Before going too far, I don't like the way this carb looks and have heard that the Holley Carbs are better anyway. Once I've got it running and a few bucks saved I'm probably going to get a H0lley NH which seems so highly regarded.
Meanwhile, after pulling the bulb, I found that the plastic float was broken. But I don't know what carb this is. There's a number stamped in it, 74-2178, but Google wasn't any help with that.
From beneath the car looking up.
I think they are a Kohler engine carb, check with your local mower shop.
Lawnmower carburetor. Don't waste any effort on it. Surely someone on here will have a usable NH they will make you a deal on.
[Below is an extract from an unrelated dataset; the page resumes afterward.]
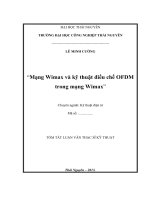 tóm tắt luận văn thạc sĩ kỹ thuật  mạng wimax và kỹ thuật điều chế OFDM trong mạng wimax 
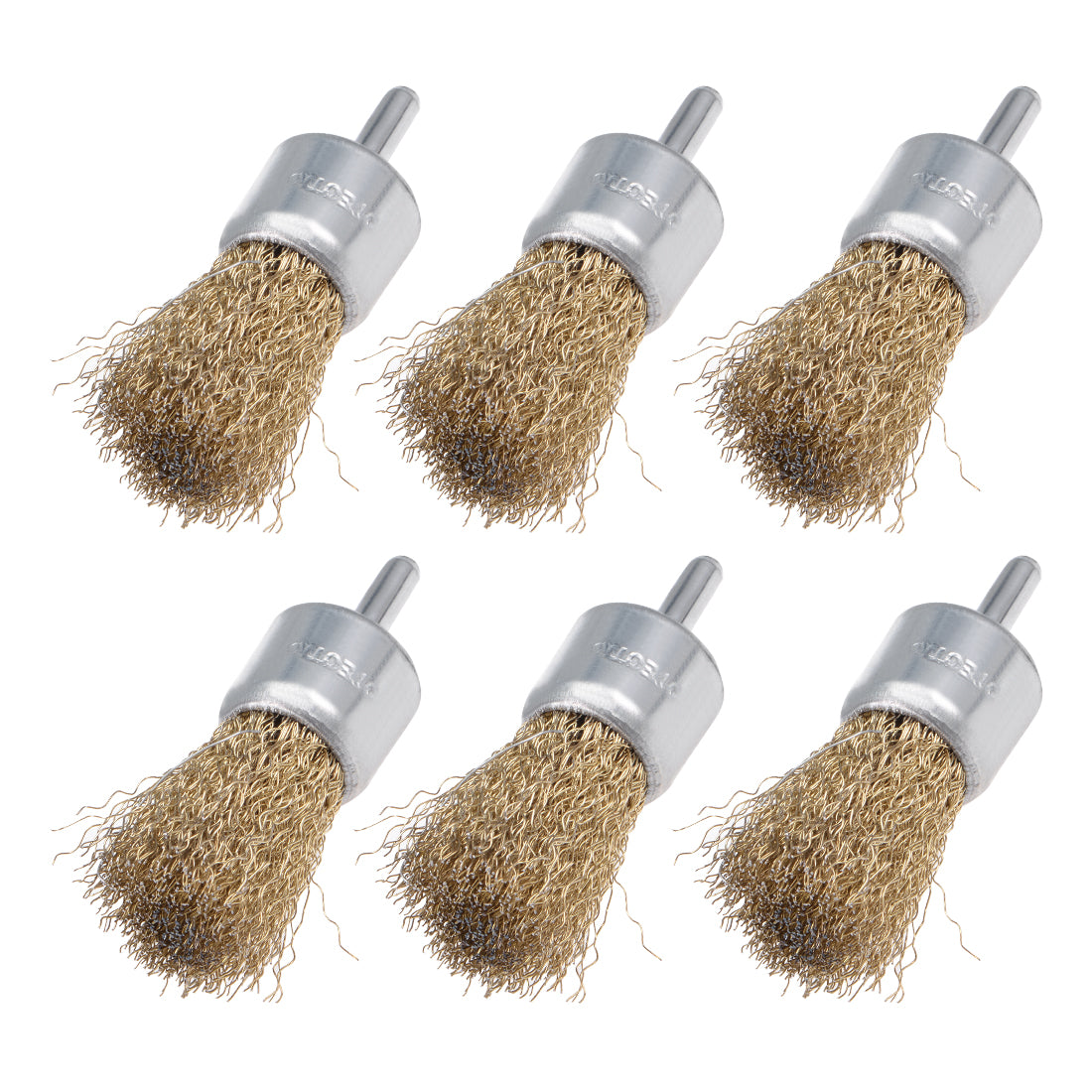 Harfington 1-Inch Wire Wheel Brush Cup Copper Plated Crimped Steel with Shank 0.012-inch Wire Dia 6 Pcs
Lawnmower carb? Take the money you'd waste trying to make it work and put that toward an NH.
Agree with Steve. Those lawn mower carbs are trouble.
Like music to my ears actually. Hopefully you could tell by my post that I've been going back and forth on puling the trigger for the NH. I'm going to do it. If someone has a good deal on one, that would be great. Otherwise, I'll go the parts seller route.
Assuming I become the owner of an NH, is it a matter of physically swapping it out and then hitting the forum for specifics on adjusting?
Les Schubert has indicated he would like to get one of those Kohler carburetors to experiment with. You might give him a call.
Ted - I'm sensing some inside sarcasm there...
Les - my future "ex-carb" is yours for the cost of shipping.
Buying a rebuilt Holley NH. Any recommendations? Seems like center drain / side drain are options. Any other considerations? My engine s/n indicates Early October, 1924.
I would go with the center drain strictly because I believe when you drain them the crud comes out more readily. Just an observation having used both. Unless you are building a show car, functionality comes first.
If you aren't going stock I would recomend a T vaporizer intake
inverted then an adapter plate made (simple 3/8 steel works) to change the bolt pattern from horizontal to vertical then a stromgberg sidedraft.
Not this carb but you get the idea.
No sarcasm intended. I think he would like to have one.
As I said "not this carb" just shown as an example.
The carb is similar to an older New Holland example used with a small frame skid loader. The engine was a Kohler (K482, 532, 582, and 662) carb number (25-757-01) Check a company on line called Prime Line (Power Equipment Products) see http://www.primelinepe.com/parts-search/
I have one of those that came on my car when I got it. Will not work without a fuel pump or a tank pressurization pump! I replaced mine with a Kingston L-4 still looking for a holley but the performance is soooo much better with the Kingston vs that lawn mower carb I'm happy for now.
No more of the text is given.